There’s that famous line in Mythbusters that advises, “Remember kids, the only difference between screwing around and science is writing it down.” This is the exact same idea behind keeping an exercise log. On every level, journaling your exercise routine on a daily or weekly basis gives you a recipe for success long-term.
Great, you absolutely crushed today’s training session with your coach. Fast-forward six hours. How much of it can you remember? Can you recall the weights and reps used on each exercise? Can you remember how you felt after each set and how long it took you to catch your breath? What about the food you ate pre-workout? Most people will answer no to these questions. Recording this data not only lets you pick up where you left off for your next training session, but it also lays out a roadmap to success. The good news for you is that a lot of this becomes your Livekick trainer’s job (so you should probably sign up today if you haven’t already!).

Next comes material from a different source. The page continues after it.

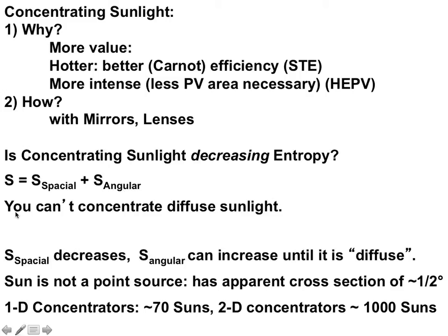You can't concentrate diffuse sunlight because its angular spread is already 180 degrees, as big as it can be. For line concentrators that concentrate light onto a line, you can achieve about 70 times the concentration of regular sunlight. For two-dimensional concentrators like dishes, you can get up to the concentration of sunlight on the sun's surface, which is a concentration of about 58,000.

Not only does a fitness log show you just how much you’ve progressed over time, but it also provides a tremendous amount of positive feedback. According to Mari McCarthy, The Journaling Therapy Specialist, founder of Journaling for the Self of It, charting how each exercise session or progress check went and how it made you feel gives you the feeling of empowerment that pushes you to keep going. Either that, or it allows you to find your way back!

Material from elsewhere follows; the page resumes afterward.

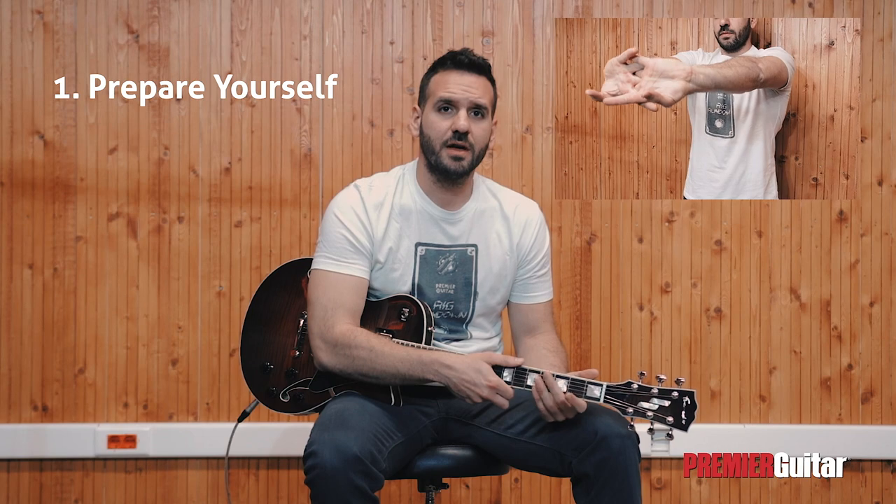Prepare yourself. Playing guitar involves the movement of many different muscles. It is helpful to prepare those muscles by stretching for a few seconds and make sure that you're not cold before practicing, as you would before a workout.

Writing down what you want in your life can be an amazing self-growth tool. An article in Real Simple provides this insight from Aymeric Guillot, Ph.D., a professor at the Center of Research and Innovation in Sport at University Claude Bernard Lyon, in France: “Scientists believe that we may experience real-world and imaginary actions in similar ways…” The same areas of our brain are activated, whether we are imagining ourselves performing a task, or actually doing it. Visualization leverages our brain’s natural ability to more easily recall visual images than it does verbal information.
And so we challenge you: turn to a new page in your journal (or… use a piece of computer paper at the office if you haven’t yet purchased a journal) and write down anything and everything that comes to mind when you think of YOUR DREAM LIFE. Continue writing, describing this place, time, moment, feeling… anything and everything that describes how your life will look when you accomplish your wildest dreams. This is a fantasy activity. You can write down things that seem nearly impossible to you right now. In fact, we encourage it!
Spend the next few days thinking, feeling, and writing about the connections between your dream and the present moment. Study that description every single day. Make it a part of you. Visualize it as often as you can. See what happens!
Trust us, journaling can be a profoundly effective vehicle for boosting self-confidence and other life-changing transformations. Are you going to give it a try?!